Records for the task below:

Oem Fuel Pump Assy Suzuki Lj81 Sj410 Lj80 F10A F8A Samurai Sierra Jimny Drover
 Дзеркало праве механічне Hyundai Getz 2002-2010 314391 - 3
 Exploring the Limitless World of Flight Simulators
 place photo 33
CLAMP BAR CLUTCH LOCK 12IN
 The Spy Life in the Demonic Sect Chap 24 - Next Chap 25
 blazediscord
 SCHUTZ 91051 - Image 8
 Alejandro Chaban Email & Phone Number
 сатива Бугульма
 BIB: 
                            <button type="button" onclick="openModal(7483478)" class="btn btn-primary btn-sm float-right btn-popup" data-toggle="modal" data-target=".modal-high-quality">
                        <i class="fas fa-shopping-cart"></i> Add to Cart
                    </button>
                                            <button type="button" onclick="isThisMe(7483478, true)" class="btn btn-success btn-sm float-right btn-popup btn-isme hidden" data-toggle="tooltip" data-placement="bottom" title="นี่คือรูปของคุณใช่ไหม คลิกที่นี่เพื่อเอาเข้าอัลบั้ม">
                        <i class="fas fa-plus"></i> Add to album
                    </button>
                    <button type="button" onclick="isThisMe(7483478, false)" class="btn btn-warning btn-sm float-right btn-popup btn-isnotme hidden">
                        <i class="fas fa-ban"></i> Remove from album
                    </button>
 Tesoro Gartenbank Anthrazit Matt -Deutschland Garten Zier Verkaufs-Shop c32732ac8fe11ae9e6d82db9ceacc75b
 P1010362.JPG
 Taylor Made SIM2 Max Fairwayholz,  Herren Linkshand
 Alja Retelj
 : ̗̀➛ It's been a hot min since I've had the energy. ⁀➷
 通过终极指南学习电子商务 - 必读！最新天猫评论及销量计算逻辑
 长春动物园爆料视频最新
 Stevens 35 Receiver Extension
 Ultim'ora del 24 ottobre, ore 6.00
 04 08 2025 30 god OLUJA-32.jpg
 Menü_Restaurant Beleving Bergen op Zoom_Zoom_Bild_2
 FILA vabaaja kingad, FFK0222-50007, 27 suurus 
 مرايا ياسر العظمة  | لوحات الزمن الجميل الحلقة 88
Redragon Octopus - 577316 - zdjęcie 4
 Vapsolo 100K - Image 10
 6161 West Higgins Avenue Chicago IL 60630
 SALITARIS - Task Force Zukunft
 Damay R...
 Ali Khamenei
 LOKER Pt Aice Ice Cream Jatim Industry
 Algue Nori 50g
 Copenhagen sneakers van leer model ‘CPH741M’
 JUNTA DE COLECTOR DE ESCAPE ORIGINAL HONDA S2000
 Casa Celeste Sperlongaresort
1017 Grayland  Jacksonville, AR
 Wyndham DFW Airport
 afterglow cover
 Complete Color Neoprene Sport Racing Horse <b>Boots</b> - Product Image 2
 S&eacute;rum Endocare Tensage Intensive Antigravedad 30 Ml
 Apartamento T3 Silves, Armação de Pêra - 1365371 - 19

End of Records for the task.

The expected response reproduces all of the data precisely.

Written answer
Oem Fuel Pump Assy Suzuki Lj81 Sj410 Lj80 F10A F8A Samurai Sierra Jimny Drover
 Дзеркало праве механічне Hyundai Getz 2002-2010 314391 - 3
 Exploring the Limitless World of Flight Simulators
 place photo 33
CLAMP BAR CLUTCH LOCK 12IN
 The Spy Life in the Demonic Sect Chap 24 - Next Chap 25
 blazediscord
 SCHUTZ 91051 - Image 8
 Alejandro Chaban Email & Phone Number
 сатива Бугульма
 BIB: 
                            <button type="button" onclick="openModal(7483478)" class="btn btn-primary btn-sm float-right btn-popup" data-toggle="modal" data-target=".modal-high-quality">
                        <i class="fas fa-shopping-cart"></i> Add to Cart
                    </button>
                                            <button type="button" onclick="isThisMe(7483478, true)" class="btn btn-success btn-sm float-right btn-popup btn-isme hidden" data-toggle="tooltip" data-placement="bottom" title="นี่คือรูปของคุณใช่ไหม คลิกที่นี่เพื่อเอาเข้าอัลบั้ม">
                        <i class="fas fa-plus"></i> Add to album
                    </button>
                    <button type="button" onclick="isThisMe(7483478, false)" class="btn btn-warning btn-sm float-right btn-popup btn-isnotme hidden">
                        <i class="fas fa-ban"></i> Remove from album
                    </button>
 Tesoro Gartenbank Anthrazit Matt -Deutschland Garten Zier Verkaufs-Shop c32732ac8fe11ae9e6d82db9ceacc75b
 P1010362.JPG
 Taylor Made SIM2 Max Fairwayholz,  Herren Linkshand
 Alja Retelj
 : ̗̀➛ It's been a hot min since I've had the energy. ⁀➷
 通过终极指南学习电子商务 - 必读！最新天猫评论及销量计算逻辑
 长春动物园爆料视频最新
 Stevens 35 Receiver Extension
 Ultim'ora del 24 ottobre, ore 6.00
 04 08 2025 30 god OLUJA-32.jpg
 Menü_Restaurant Beleving Bergen op Zoom_Zoom_Bild_2
 FILA vabaaja kingad, FFK0222-50007, 27 suurus 
 مرايا ياسر العظمة  | لوحات الزمن الجميل الحلقة 88
Redragon Octopus - 577316 - zdjęcie 4
 Vapsolo 100K - Image 10
 6161 West Higgins Avenue Chicago IL 60630
 SALITARIS - Task Force Zukunft
 Damay R...
 Ali Khamenei
 LOKER Pt Aice Ice Cream Jatim Industry
 Algue Nori 50g
 Copenhagen sneakers van leer model ‘CPH741M’
 JUNTA DE COLECTOR DE ESCAPE ORIGINAL HONDA S2000
 Casa Celeste Sperlongaresort
1017 Grayland  Jacksonville, AR
 Wyndham DFW Airport
 afterglow cover
 Complete Color Neoprene Sport Racing Horse <b>Boots</b> - Product Image 2
 S&eacute;rum Endocare Tensage Intensive Antigravedad 30 Ml
 Apartamento T3 Silves, Armação de Pêra - 1365371 - 19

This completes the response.